Seems as though there’s long been a country element to Newport’s punk scene, or a punk element to its country scene.  Either way, there’s a healthy cross-pollination that winds through the music of Jon Langford (amongst others), the releases of Diverse Records and the tireless promotional work of Gathered In Song.  Bands like Columbus, Ohio’s TWO COW GARAGE are kind of a natural fit around South-East Wales, then.  Fierce, ragged-voiced blue-collar country-punk (‘cowpunk’ always makes me wince for some reason) that can sound driven and impassioned but also has a laconic frustration with small-town America and small-time relationships, there’s plenty of examples online as to why they’re well worth the short train journey to Le Pub this Bank Holiday Monday.  RIYL Richmond Fontaine, Replacements, Drive-By Truckers, Wilco, Dinosaur Jr etc.

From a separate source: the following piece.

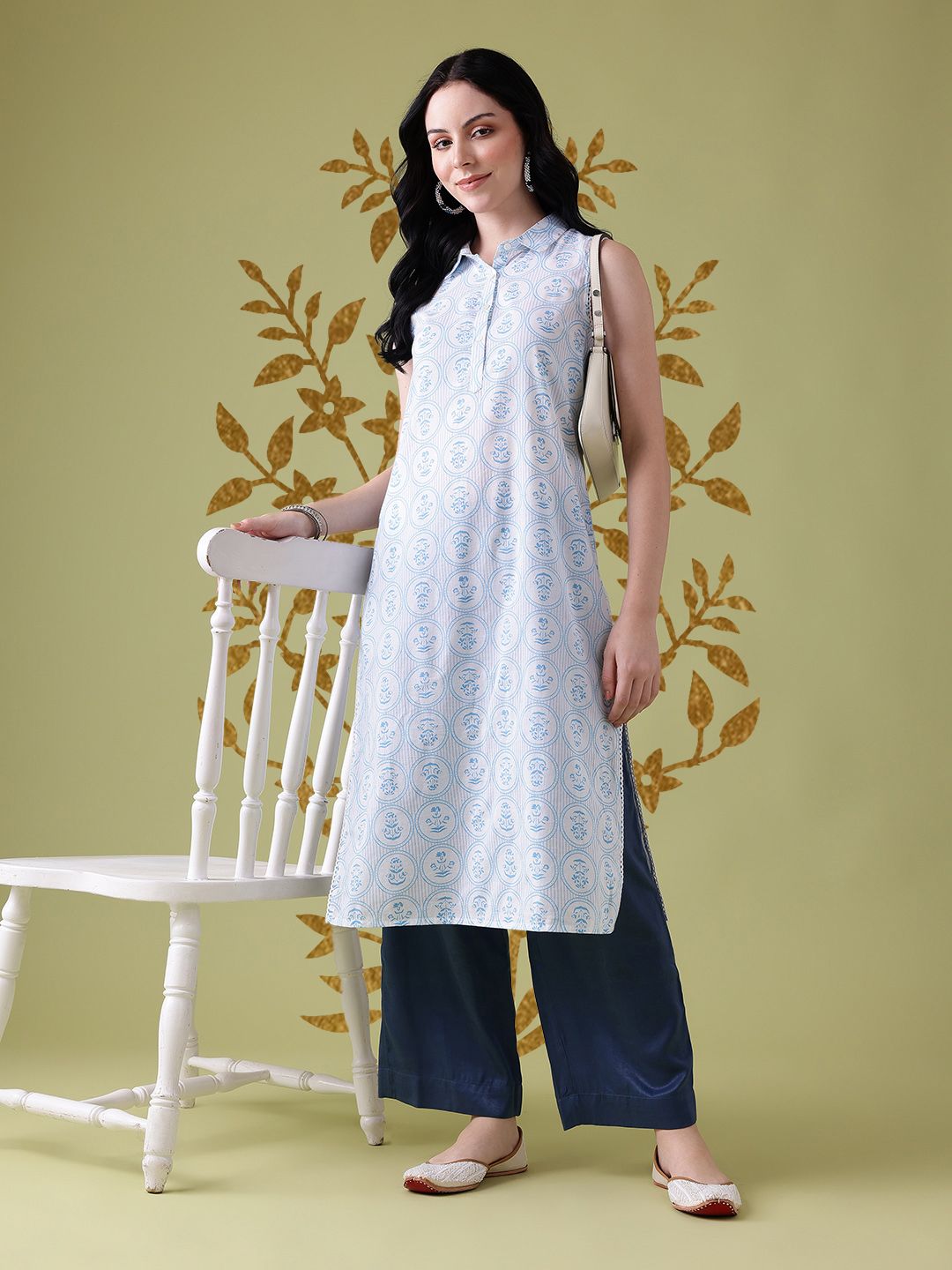 Anouk Floral Printed Pure Cotton Lace Insert Detail Calf-Length Straight Kurta-picture-41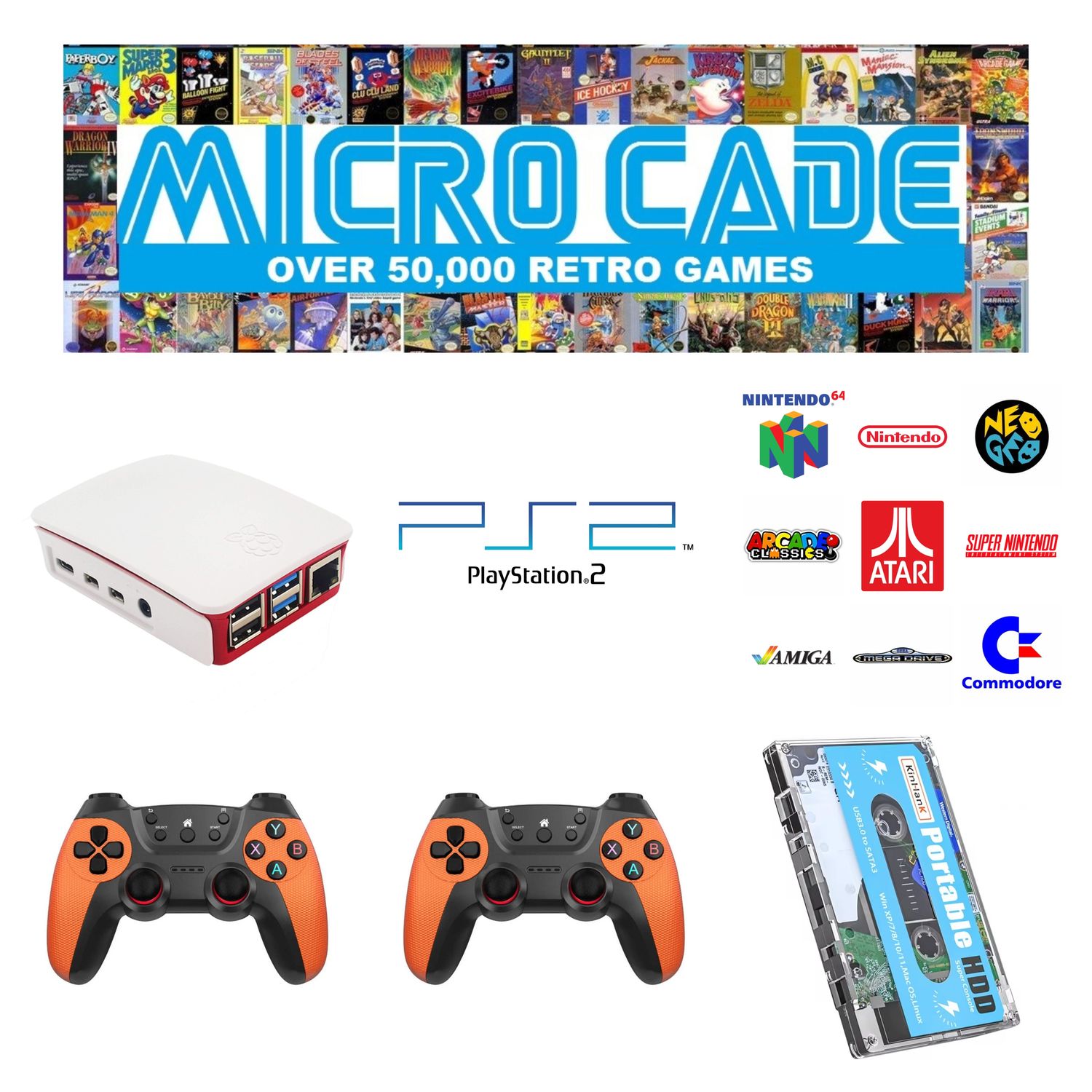 Micro Cade 50,000 Retro PlayStation 2 plug and play console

Cracking support bill too, high in quality but nicely varied.  I shan’t try and second-guess whether DEER PARK will be a full band or just Mark Grassick solo, as was the case on the recent Singing Adams tour, but his bruised Americana and Dublin twang and witty, cutting lyricism are equally effective in stark solo mode.  Reminiscent of Will Sheff or John Darnielle, neither of which are compliments to be bandied about lightly.  Nestled in between those two with a nice stylistic left-turn are THE KEYS, who turn up all over the place in the next few weeks as they release Bitten By Wolves, a swift full-length follow-up to Fire Inside (which, it now seems, is deemed a mini-album; no mention of 2002’s debut).  Lovely chewy psych-pop, sunny harmonies and British Invasion-timestamped tunes.  Reliably untethered live, too.  Nice to see Newport’s own LT. MEAT opening up; his splendidly deadpan patter and warped guitar n’ laptop surf-rock giddiness is top fun, so get there early for this and for the Daniel Higgs Trio show at 10 Feet Tall on the 28th where he’ll make a welcome return to Cardiff.  Faultless line-up and cheap entry, let’s hope this one gets the local enthusiasm it deserves.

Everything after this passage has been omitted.